An agent doesn’t truly work because of the model, but because of the harness controlling it.
Moving from demo to production requires handling errors, state, memory, and observability.
A well-designed harness reduces model unpredictability and shifts complexity into code, making the system reliable and usable in real-world scenarios.

In article Harness Engineering: The Most Important Part of AI Agents we saw a fundamental point: the problem with agents isn't (only) the model, but the system around it.

But what does it really mean to build that system?

The moment everything breaks

There's a fairly universal phase: you've implemented a demo, it works well, the model responds, uses a tool, maybe even completes multi-step tasks, and everything looks promising.

Then you try to use it in a real-world context, and the problems emerge:

invalid outputs
incorrect API calls
infinite loops
loss of context

It's not that the model got worse—the system's complexity increased without having a harness solid enough to manage it.

The harness as a control system

It becomes clear that the harness isn't just a "container"—it's more like a control system designed to guide the model along a precise path, reducing its freedom when necessary and allowing it when useful.

This is a delicate balance: too much control means loss of flexibility; too little control means loss of reliability.

And this is where the real design work begins.

Error handling becomes the main case

In traditional software, errors are edge cases. Anyone with experience in agent-based systems knows that errors are the norm.

The key idea, however, is that a well-designed harness does not assume everything will go well—quite the opposite.

It therefore introduces mechanisms such as:

validating outputs before using them
retrying when something goes wrong
falling back to alternative paths
controlled interruption of loops

This is what makes the system usable.

State and memory: the invisible problem

Another issue that emerges very early is state management: an agent without memory is little more than a stateless function—but adding memory introduces complexity:

what to store
for how long
how to update the state
what happens when it becomes inconsistent

These decisions must be made when structuring the harness.

And it's precisely here that many subtle bugs tend to arise.

Observability: knowing what's happening

When something goes wrong (and sooner or later it will), the important question is:

"Can I understand what happened?"

Without logging and tracing, working with agents becomes almost impossible.

Because you need to see:

every step of the reasoning
every tool call
every output transformation

And not just for debugging, but to evolve the system.

Moving complexity to the right place

An interesting aspect is that, as you improve the harness, the system becomes more predictable—even without changing the model.

This happens because complexity is being moved out of an "opaque" component (the model) and into code that can actually be controlled.

It's a shift in strategy:

less blind trust in the model
more explicit control in the system

Which, ultimately, is software engineering.

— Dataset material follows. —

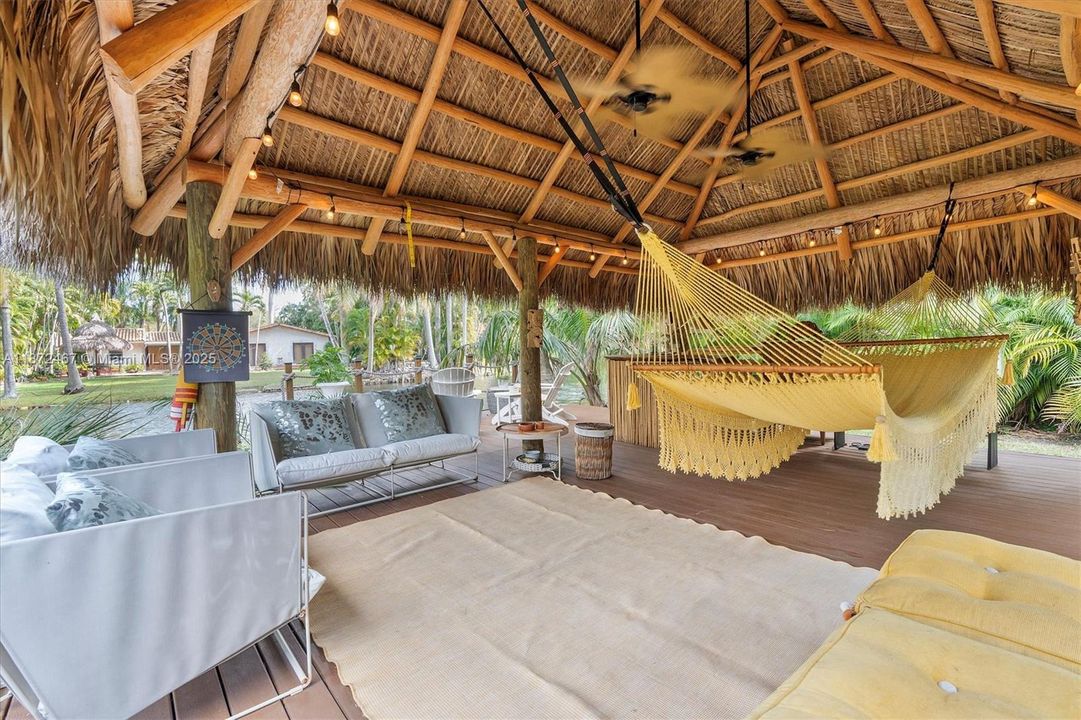 For Sale: $2,390,000 (4 beds, 4 baths, 2729 Square Feet)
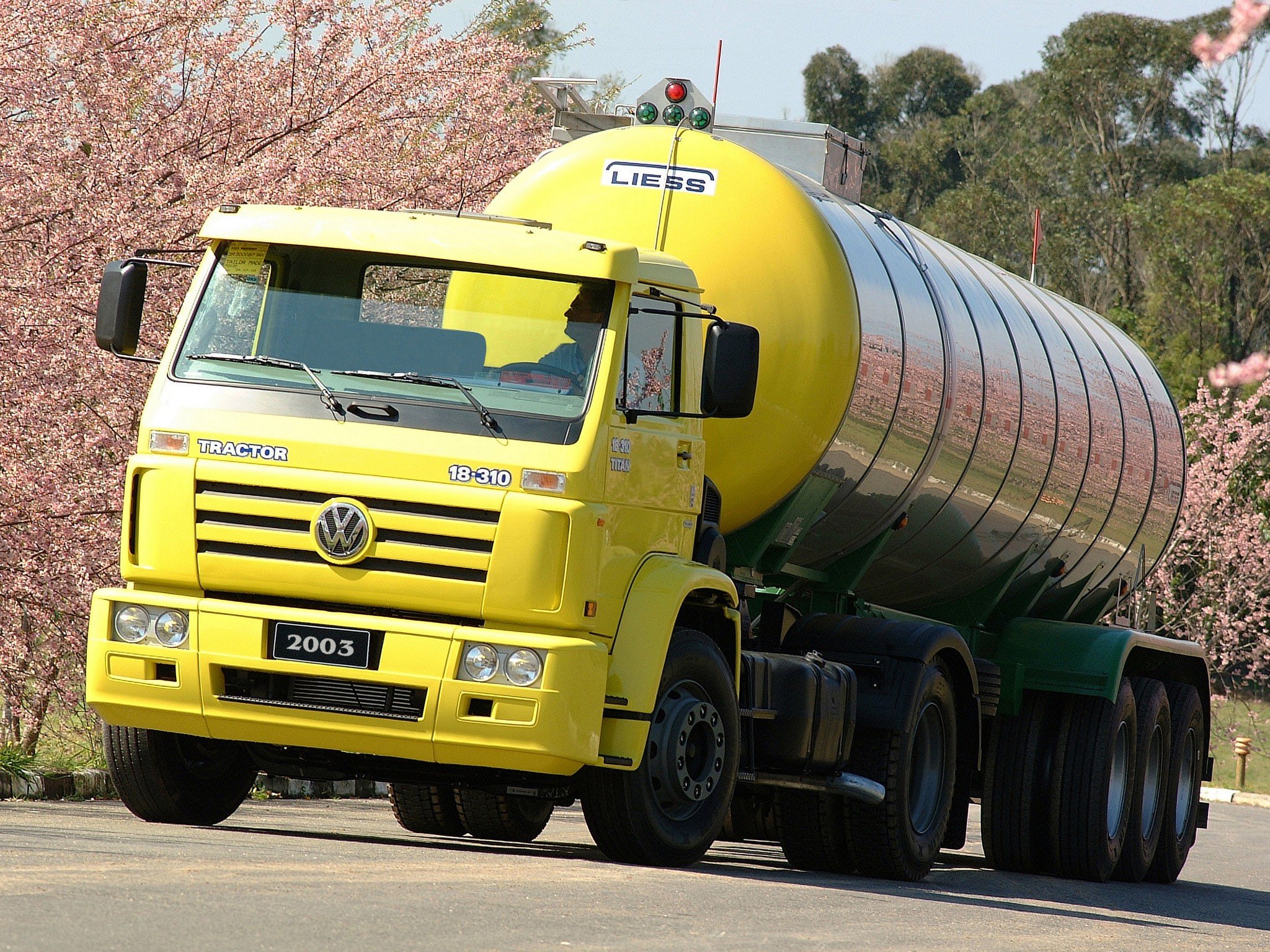 2008, Volkswagen, Worker, 18 310, Titan, Tractor, Semi, Tractor Wallpaper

In fact, we can say that building agents today is much closer to traditional software engineering than it might seem.

There are flows, states, error handling, integrations, observability…

The only difference is that instead of deterministic functions, there's a probabilistic model.

The harness is what holds everything together—and that's what makes the difference between something that only works in a demo and something that truly works in production.